TASK TO CARRY OUT:
Only the lines from the beginning of the data through the line holding "Photo of 6155" belong in the answer, printed exactly and without pictures.
*** DATA Section Begins ***
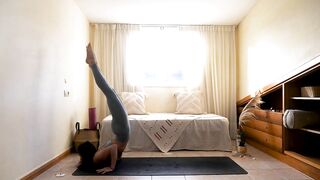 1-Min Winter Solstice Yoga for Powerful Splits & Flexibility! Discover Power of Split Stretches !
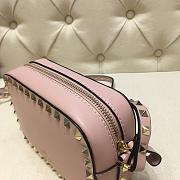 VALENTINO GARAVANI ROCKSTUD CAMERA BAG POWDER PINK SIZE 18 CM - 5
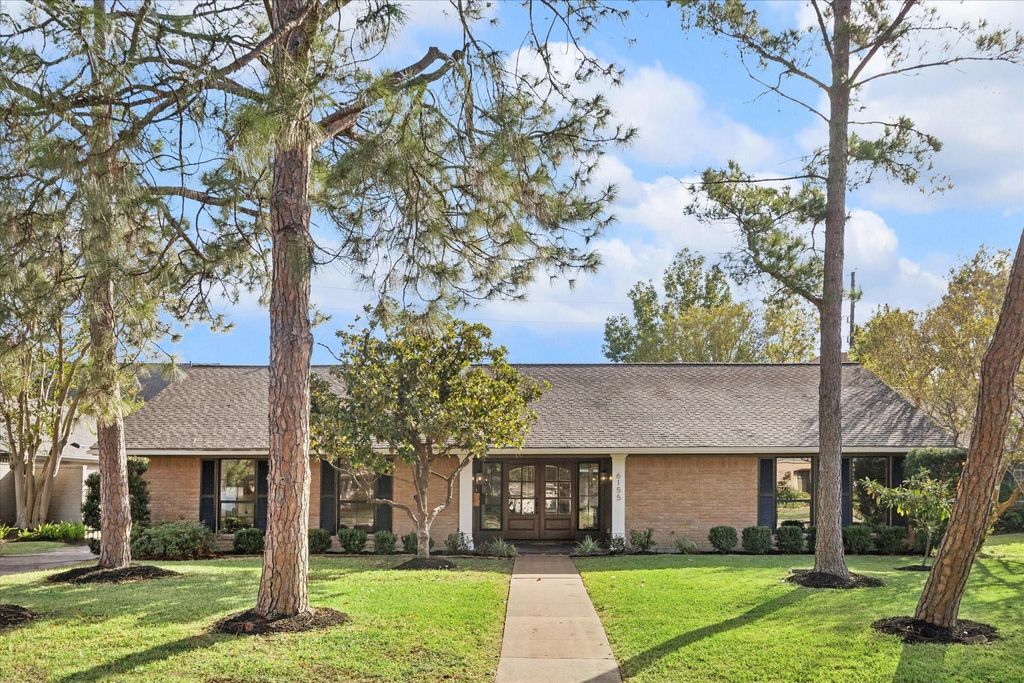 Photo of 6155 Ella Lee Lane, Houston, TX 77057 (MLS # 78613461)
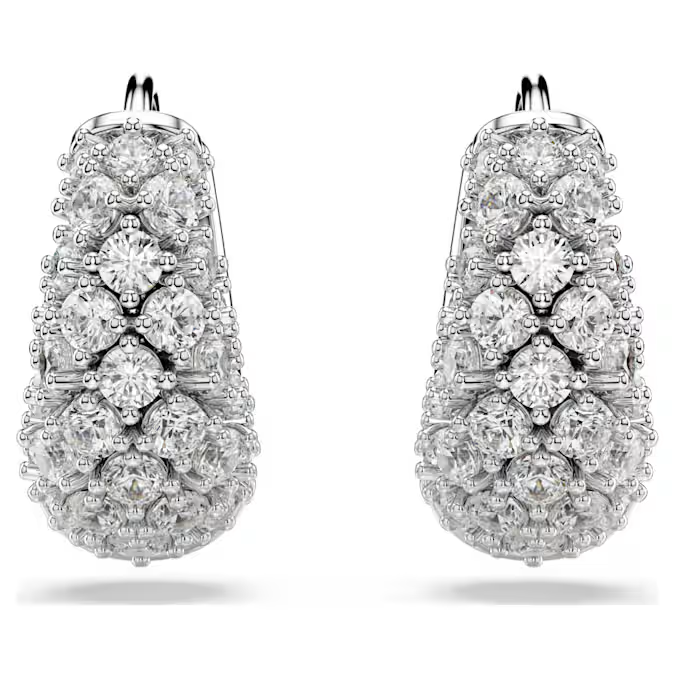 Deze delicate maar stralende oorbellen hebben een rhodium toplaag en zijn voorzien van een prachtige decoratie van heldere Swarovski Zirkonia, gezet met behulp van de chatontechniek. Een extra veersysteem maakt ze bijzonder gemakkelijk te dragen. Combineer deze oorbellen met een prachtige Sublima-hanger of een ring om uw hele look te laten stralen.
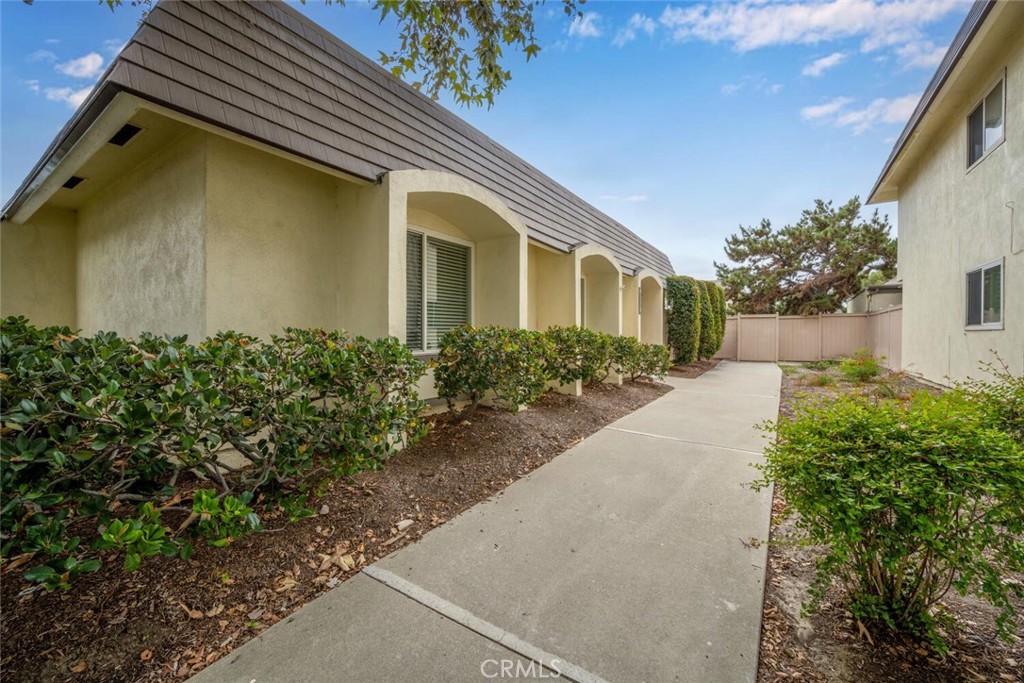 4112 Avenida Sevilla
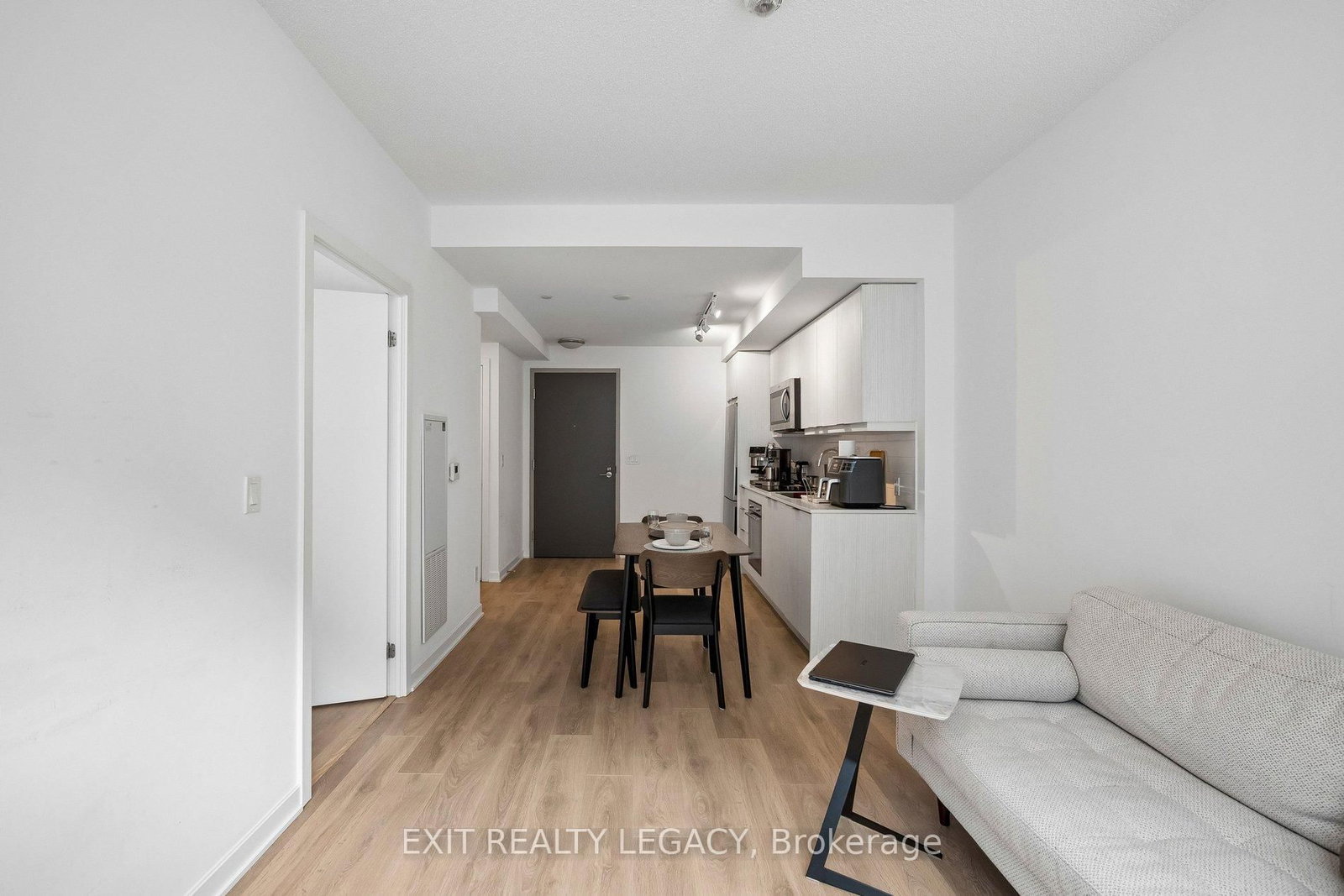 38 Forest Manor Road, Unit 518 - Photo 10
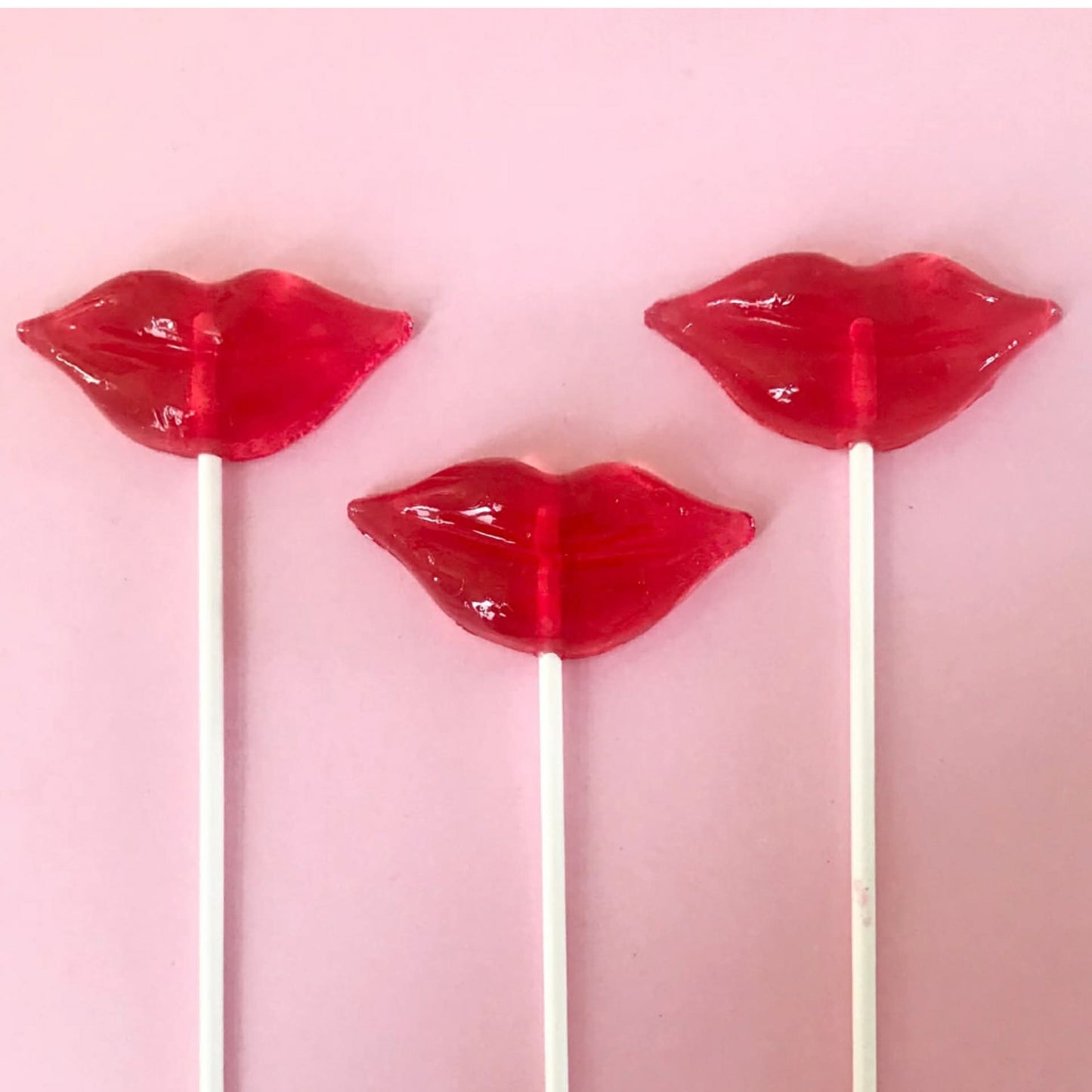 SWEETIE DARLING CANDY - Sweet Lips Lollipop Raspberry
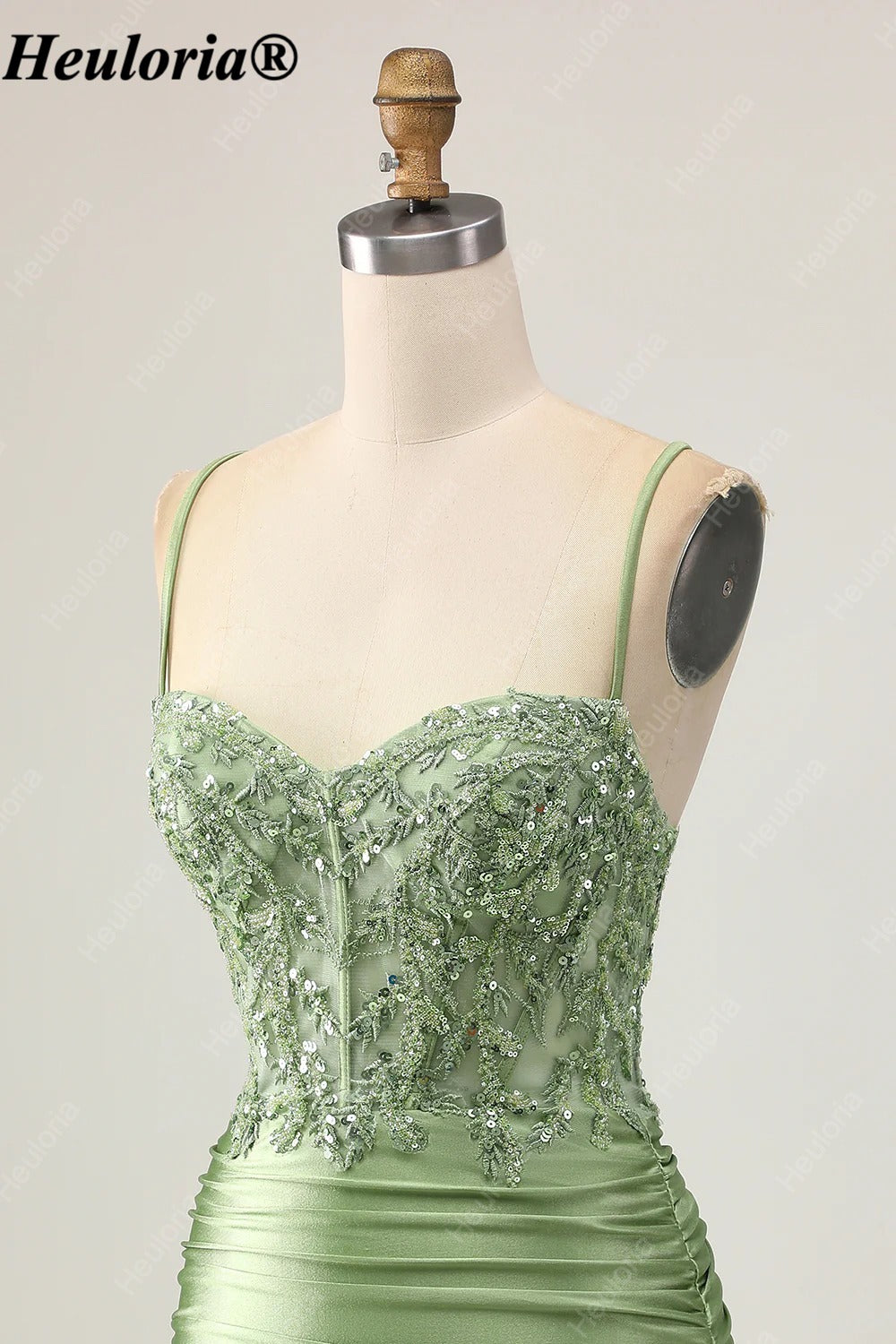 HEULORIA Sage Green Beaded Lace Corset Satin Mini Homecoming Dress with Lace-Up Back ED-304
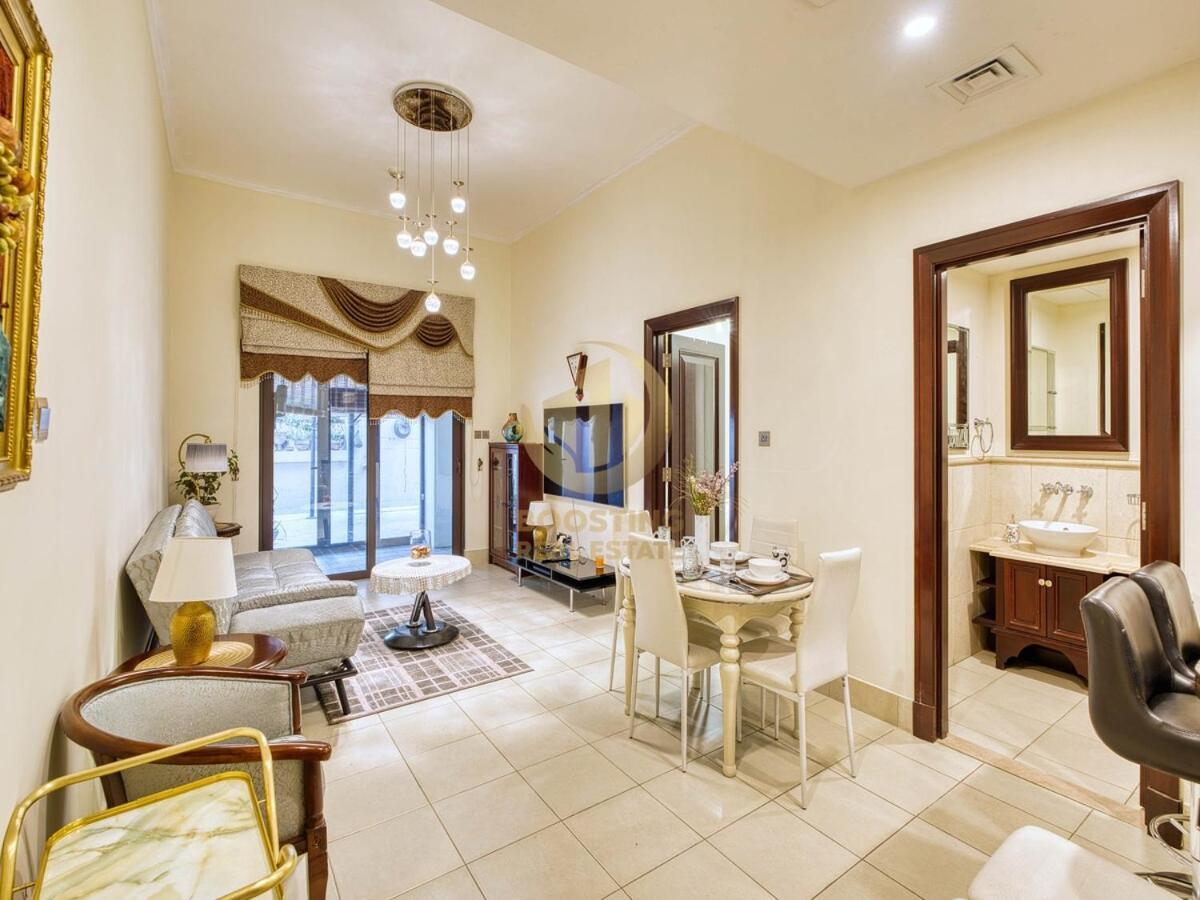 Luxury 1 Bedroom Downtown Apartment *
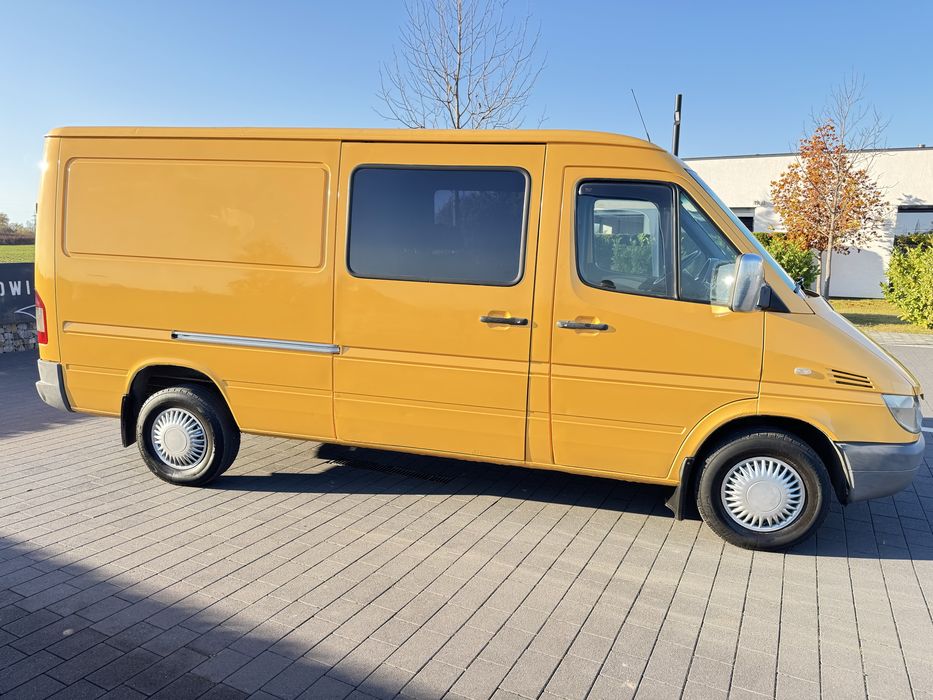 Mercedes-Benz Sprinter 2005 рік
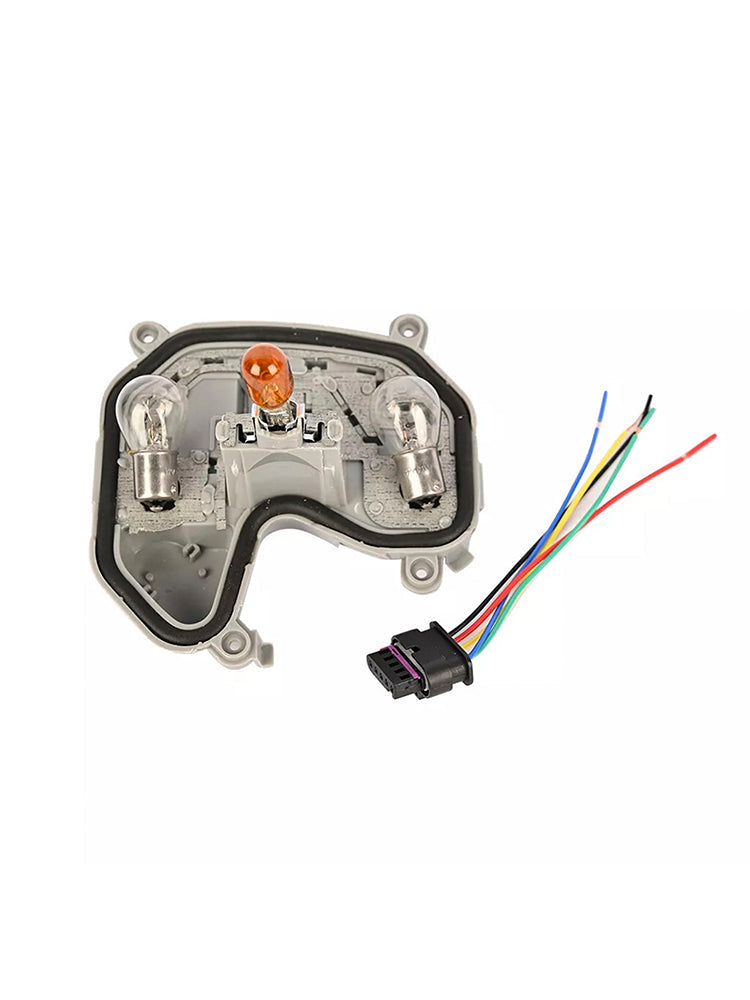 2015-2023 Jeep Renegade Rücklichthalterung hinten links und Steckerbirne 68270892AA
*** DATA Section Ends ***
ANSWER TO THIS EXERCISE:
 1-Min Winter Solstice Yoga for Powerful Splits & Flexibility! Discover Power of Split Stretches !
 VALENTINO GARAVANI ROCKSTUD CAMERA BAG POWDER PINK SIZE 18 CM - 5
 Photo of 6155 Ella Lee Lane, Houston, TX 77057 (MLS # 78613461)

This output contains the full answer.